** Input for this task follows **

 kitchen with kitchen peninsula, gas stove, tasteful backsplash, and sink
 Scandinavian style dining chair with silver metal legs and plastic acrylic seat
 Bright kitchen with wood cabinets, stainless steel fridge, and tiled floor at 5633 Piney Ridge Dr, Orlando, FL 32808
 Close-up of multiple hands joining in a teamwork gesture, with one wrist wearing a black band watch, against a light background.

** End of Input for this task **
** Input for this task follows **

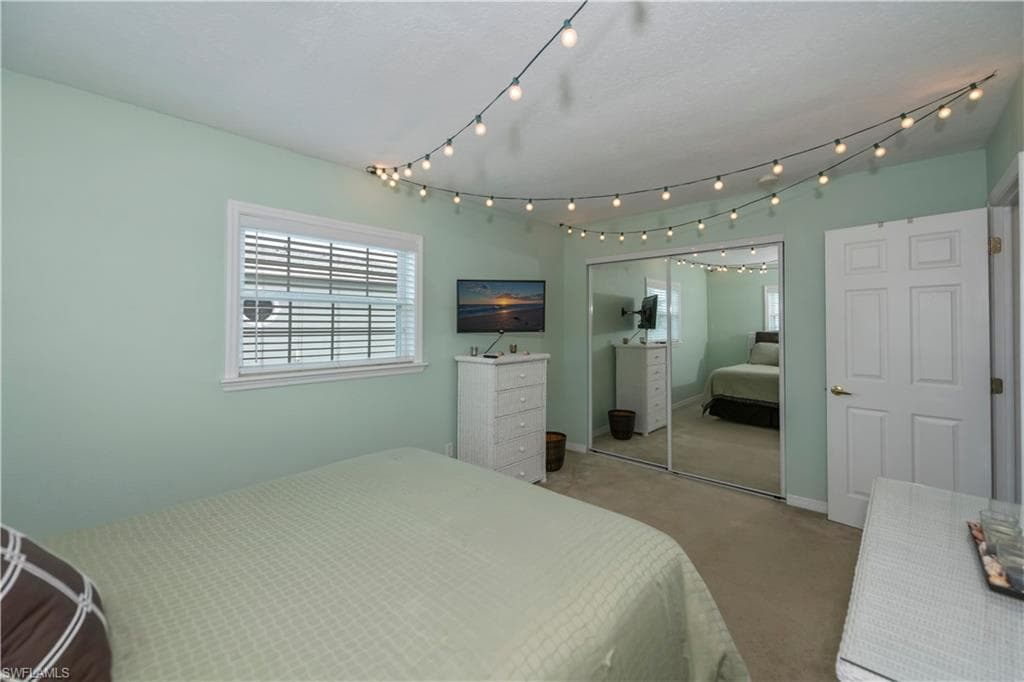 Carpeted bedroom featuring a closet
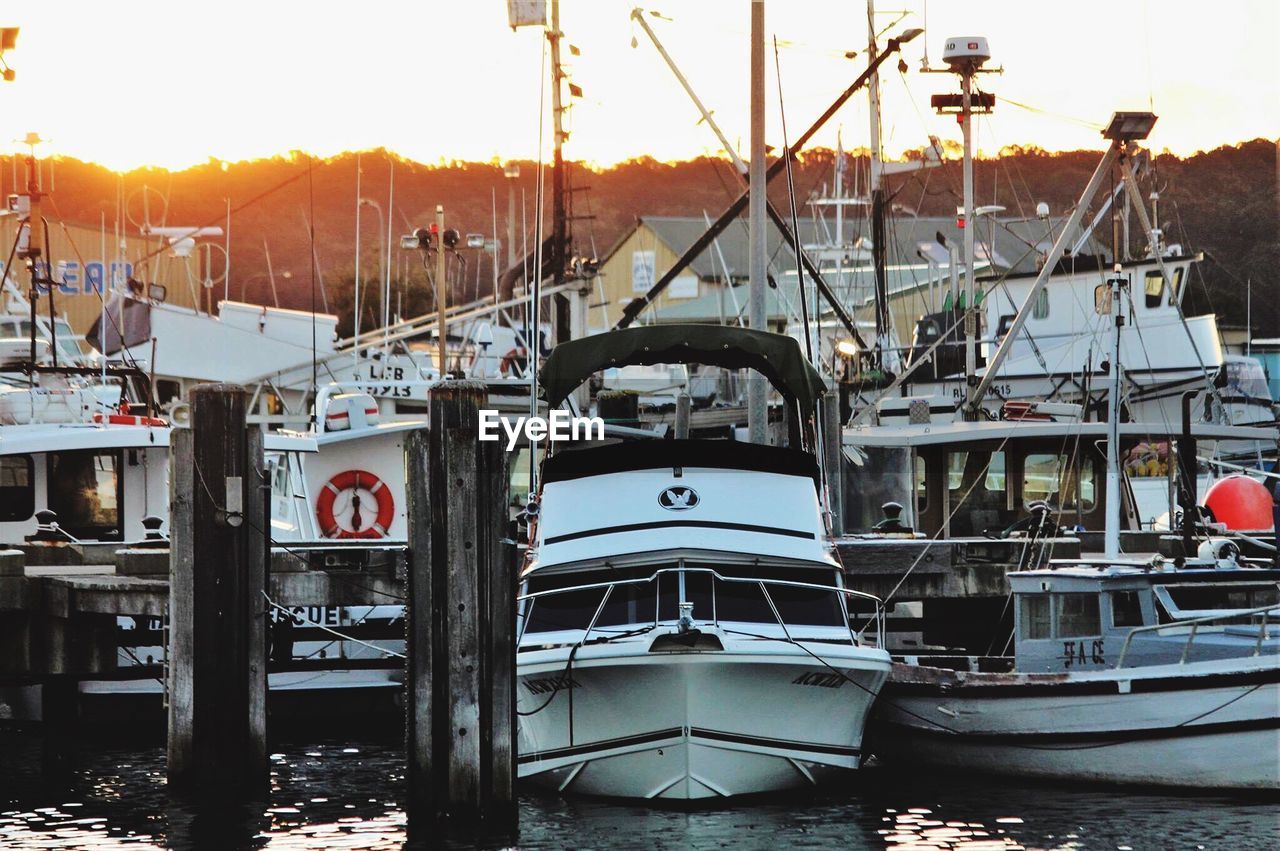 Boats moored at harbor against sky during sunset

** End of Input for this task **

> What is required:
Every line that holds the word "kitchen" should be copied from the records.

> Exercise output:
 kitchen with kitchen peninsula, gas stove, tasteful backsplash, and sink
 Bright kitchen with wood cabinets, stainless steel fridge, and tiled floor at 5633 Piney Ridge Dr, Orlando, FL 32808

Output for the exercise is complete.